While the Blue Bears are 2-4, you can make a case that Williams has done a lot in a short time with a small staff that includes defensive coordinator Rodney Hughey, offensive line coach Brian White, defensive line coach Rodney Simmons and tight ends coach Sherman Howze.
Basically, Livingstone has made the transition from not competitive to competitive in a matter of months. If one play goes differently the past two weeks — or one call goes differently — Livingstone is 4-2 right now instead of 2-4, and Williams is being hailed as a genius.
Livingstone posted outrageously bad defensive numbers a year ago, some of the worst in Division II — allowing 512 yards per game, 46.8 points a game and 230 rushing yards per game.
After six games this season, Livingstone’s defense has improved to a respectable 60th in D-II, yielding 358 yards per game. To put that number in perspective, Catawba ranks 52nd and allows 350 yards per game.
Livingstone’s offense also is decent, 97th in D-II with 371.5 yards per game. Again, that’s not far off Catawba’s numbers. The Indians are 83rd nationally with 381 yards per game.
The bottom line is still wins, not yards gained or allowed, but the numbers do indicate Livingstone is on the verge of winning its share instead of losing steadily. That’s especially true in the CIAA, where only three of the 12 teams — Virginia State, Winston-Salem State and J.C. Smith — will take a winning record into this Saturday’s games.
Williams was still thinking positively Wednesday, although the Blue Bears have dropped two winnable games in a row. Livingstone pushed up and down the field against both Virginia Union and St. Augustine’s — the Blue Bears had a 456-301 yardage edge on St. Augustine’s — only to lose because of red-zone turnovers and misfortune.
Williams quietly opened his laptop and displayed an e-mailed photo on the big screen in his office. On that screen, Livingstone receiver Rodney Brown makes a great catch in the end zone, clearly inbounds and clearly with the football secured, but the Blue Bears were denied that touchdown by a missed call.
“To err is human,” Williams said, managing a rueful smile. “But I’m not one to criticize officiating, and we’re not going to cry over spilled milk.
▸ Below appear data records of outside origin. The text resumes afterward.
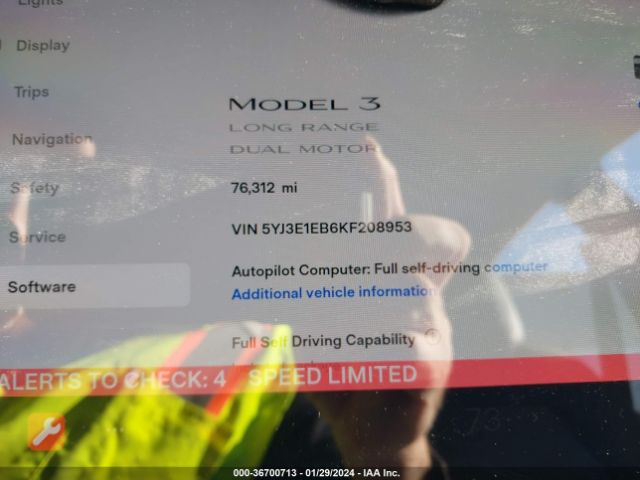 5YJ3E1EB6KF208953 Tesla Model 3 Performance/long Range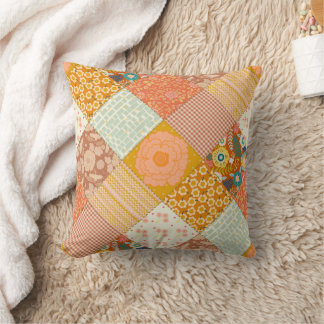 Coussin Motif de courte de patchwork floral automnal Cotta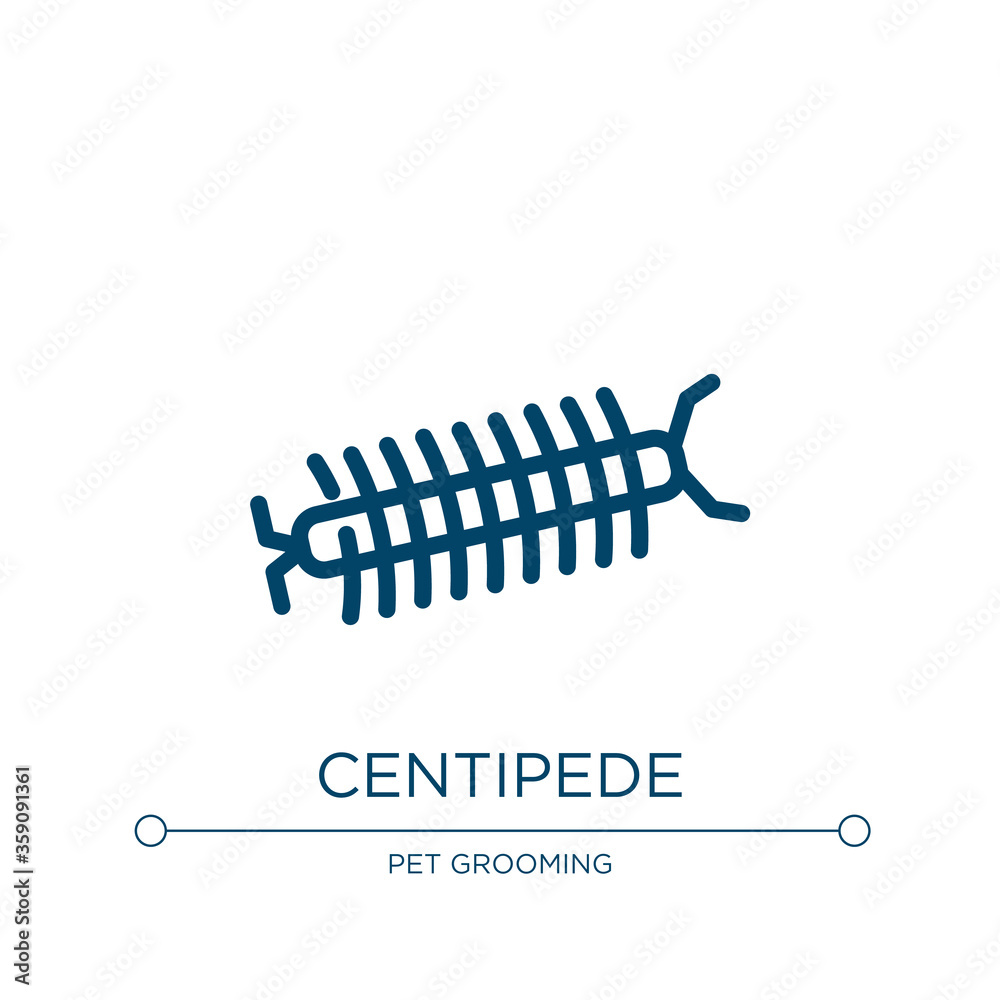 Centipede icon. Linear vector illustration from insects collection. Outline centipede icon vector. Thin line symbol for use on web and mobile apps, logo, print media. Centipede icon. Linear vector illustration from insects collection. Outline centipede icon vector. Thin line symbol for use on web and mobile apps, logo, print media.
Nothing we can do about it now. Tough losses the last two weeks, but our kids are still upbeat at practice and the staff is all-in. We’ll stay with the process. We’ll continue to build a foundation. We know how close we are. People who watched our game last week, regardless of who they rooted for, left the stadium knowing who the better team was.”
Livingstone is close to that signature win it needs to get everyone’s attention, and it’s possible the Blue Bears will spoil 3-3 Shaw’s homecoming this Saturday.
On paper, it’s a very even game, another one that could come down to one play or one call.
This will be our second homecoming,” Williams said. “You want to win some of those, so you don’t get invited back.”
Livingstone will be an underdog Saturday, but that’s a one-TD underdog instead of a five-TD underdog. That’s the difference from recent years.
Serious progress has been made under William and his staff. Based on his track record, more strides forward seem likely. Maybe he can say goodbye to that interim part of his job title soon and can go out and sell Livingstone to recruits the way he wants to.
“I am so proud of this football team, and I am so happy to be the coach of this football team,” he said. “We aren’t the Livingstone of past years.”